Wiadomości

Kolejni pijani kierowcy nie stanowią już zagrożenia na naszych drogach

Data publikacji 26.11.2018

Miniony weekend to nie tylko kolizje ale również zatrzymani kierowcy, którzy wsiedli za kierownicę po alkoholu. Za kierowanie pojazdem mechanicznym w stanie nietrzeźwości sprawca podlega karze pozbawienia wolności do lat dwóch, może również stracić uprawnienia nawet na 15 lat.

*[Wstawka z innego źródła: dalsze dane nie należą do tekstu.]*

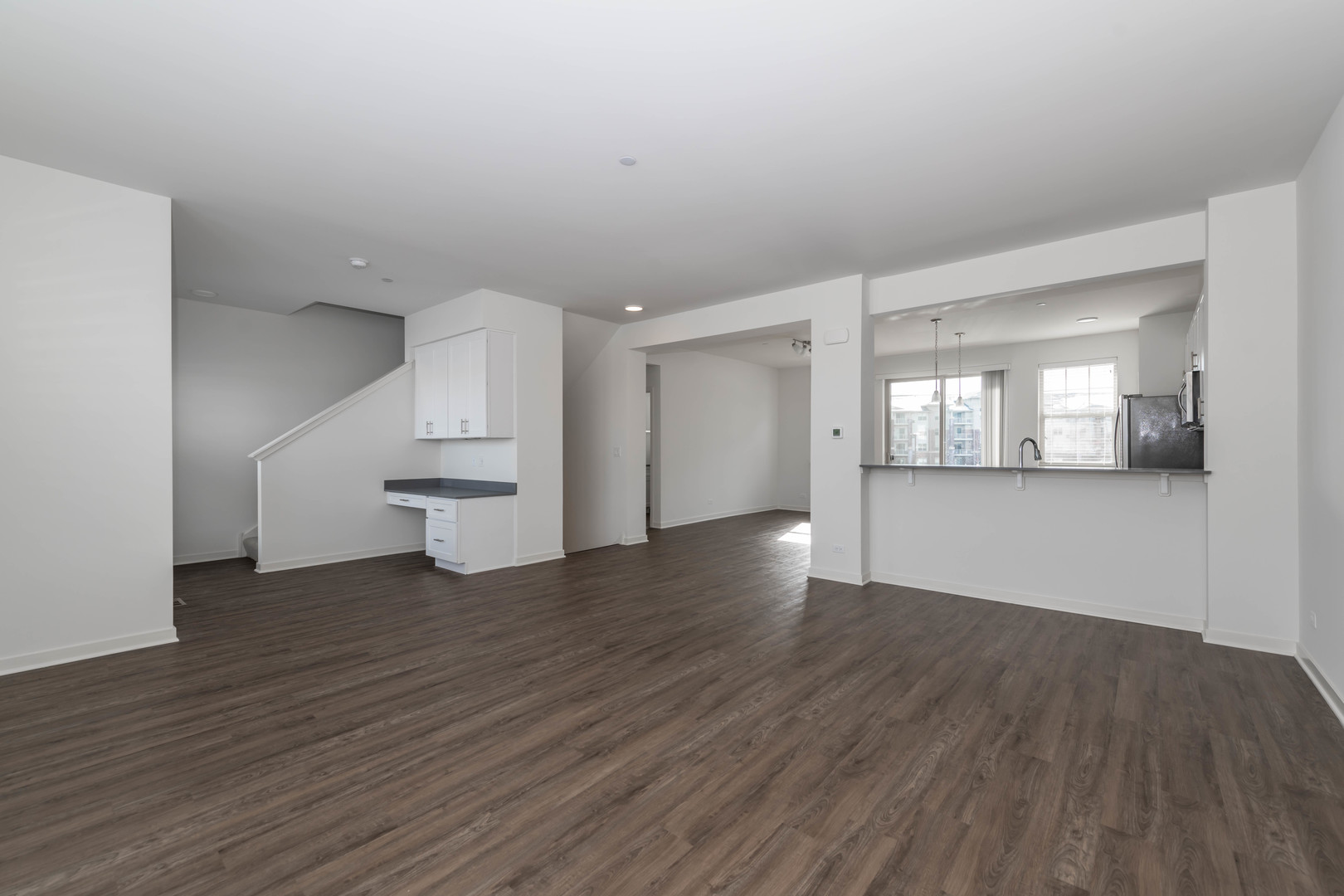 21599 West Field Court, Unit 21567 Deer Park, IL 60010 - Photo 2 of 14 an empty room with wooden floor and windows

W sobotę i niedzielę policjanci z powiatu świeckiego zatrzymali pięciu mężczyzn, którzy kierowali pojazdami mając w organizmie alkohol. Po wykonaniu czynności z ich udziałem, nieodpowiedzialni kierowcy zostali zwolnieni. Wkrótce wszyscy usłyszą zarzuty, a następnie postępowania prowadzone przez policjantów zostaną skierowane do Sądu Rejonowego w Świeciu.  

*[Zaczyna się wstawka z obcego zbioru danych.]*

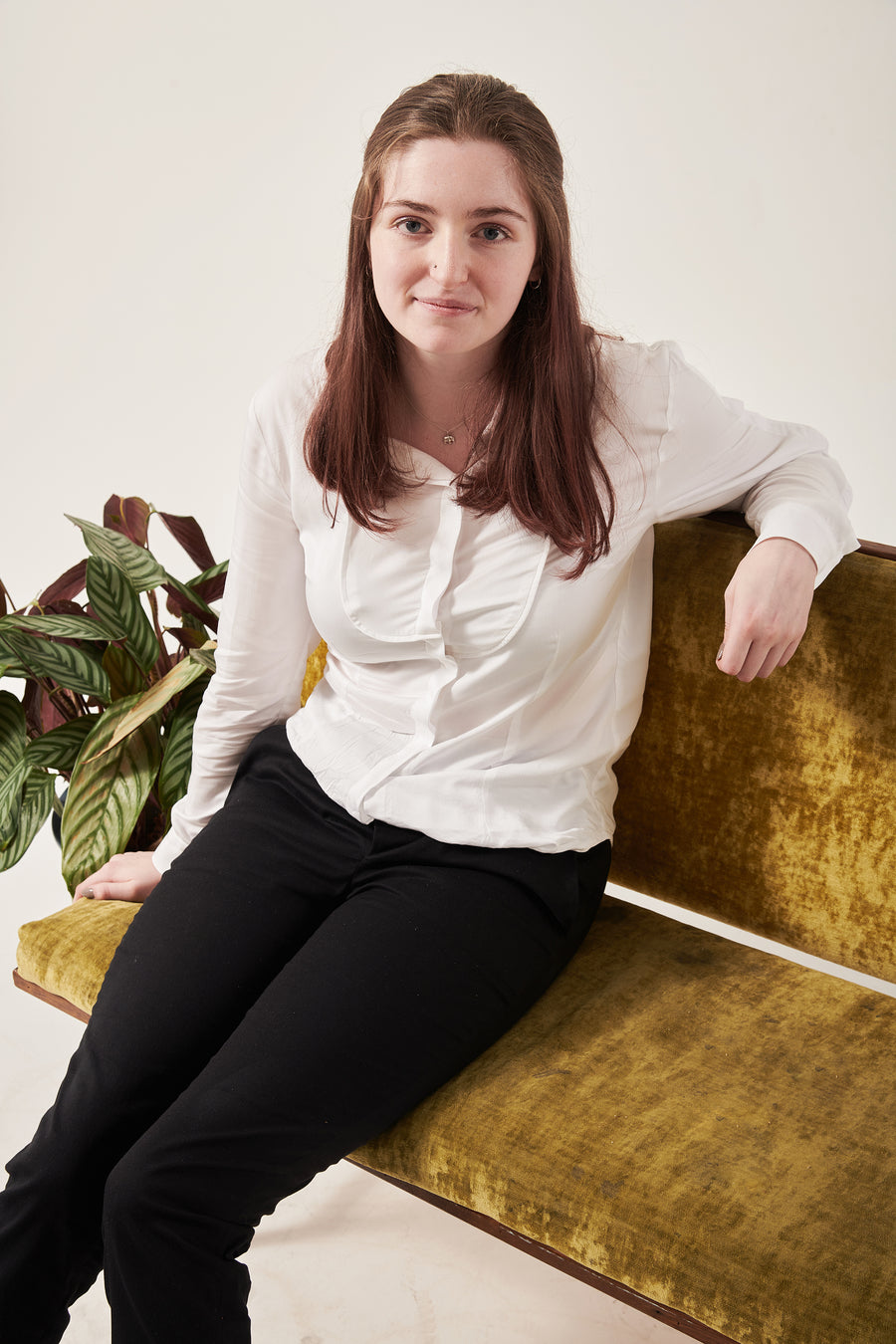 A woman with dark brown hair in a half up half style smiles in to the camera. She is wearing a white shirt with a bib seam detail and black trousers. She is siting on a crushed velvet sofa that is moss coloured. There is a plant on the floor just behind her. The background is white.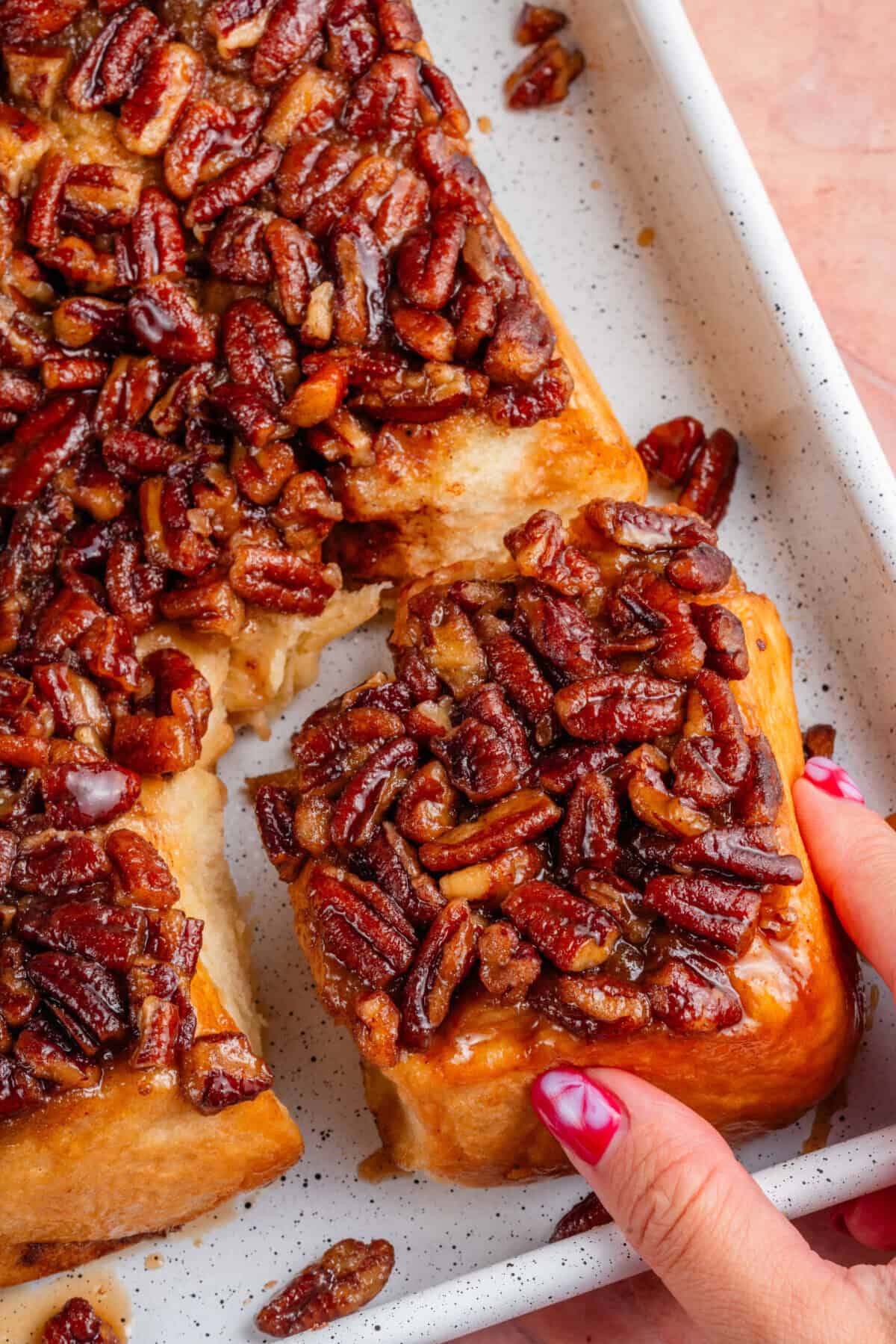 maple pecan sticky buns in a sheet pan with one broken off being held by a hand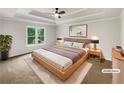 Stylish main bedroom with tray ceilings and neutral decor at 1280 Pinyon Pl, Lawrenceville, GA 30043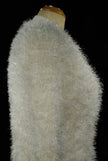 Woman's eyelash cardigan sweater in light gray fuzzy acrylic fibers with four buttons and front pockets displayed on mannequin.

Pierwszy niefrasobliwy kierowca został zatrzymany do kontroli drogowej w sobotę (24.11.18) o godz. 10.45 przez policjantów z posterunku w Osiu. Mężczyzna kierował fordem fiesta na drodze publicznej w miejscowości Drzycim. W wyniku badania stanu trzeźwości okazało się , że 23-latek miał ponad 0,4 promila w organizmie.       

Patrol z Pruszcza, tego dnia, o godz. 18.50, zwrócił z kolei uwagę na motorowerzystę. 36-letni mężczyzna został zatrzymany w Pruszczu na ul. Głównej i „wydmuchał” blisko dwa promile.

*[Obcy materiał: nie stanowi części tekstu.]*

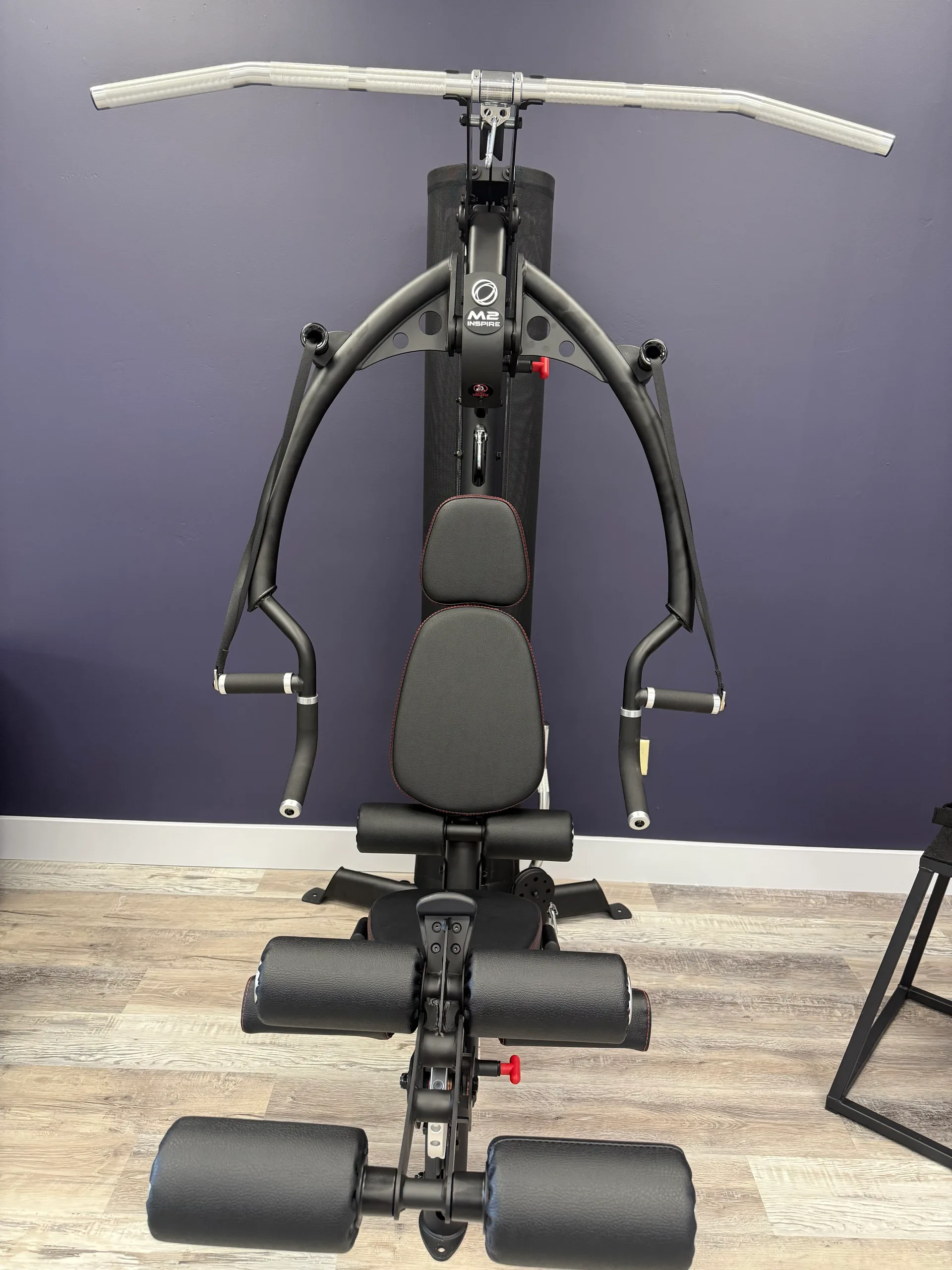 Inspire M2 multi-gym functional trainer with an adjustable bench at an Arizona apartment amenity gym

Kolejni zatrzymani nietrzeźwi wpadli również w ręce policjantów z Osia. W niedzielę (25.11.18), tuż po północy, w Tleniu na ul. Bydgoskiej, 30-letni kierowca osobowego peugeota kierował samochodem będąc w stanie nietrzeźwości, mając ponad promil we krwi. Tyle samo w organizmie miał 27-letni kierowca opla, którego o godz. 0.40, zatrzymali policjanci w Osiu na ul. Semraua.

Piąty kierowca został zatrzymany przez patrol „drogówki” w Drzycimiu na ul. Dworcowej. 38-latek kierował vw polo i miał blisko 0,4 promila we krwi. Policjanci zatrzymali mężczyźnie prawo jazdy.

Weekend to okazja dla wielu osób na spotkania z krewnymi i znajomymi. Niestety dla niektórych alkohol jest ich nierozłącznym elementem i w sposób świadomy będąc pod jego działaniem wsiadają za kierownicę, stając się tym samym śmiertelnym zagrożeniem dla wszystkich uczestników ruchu.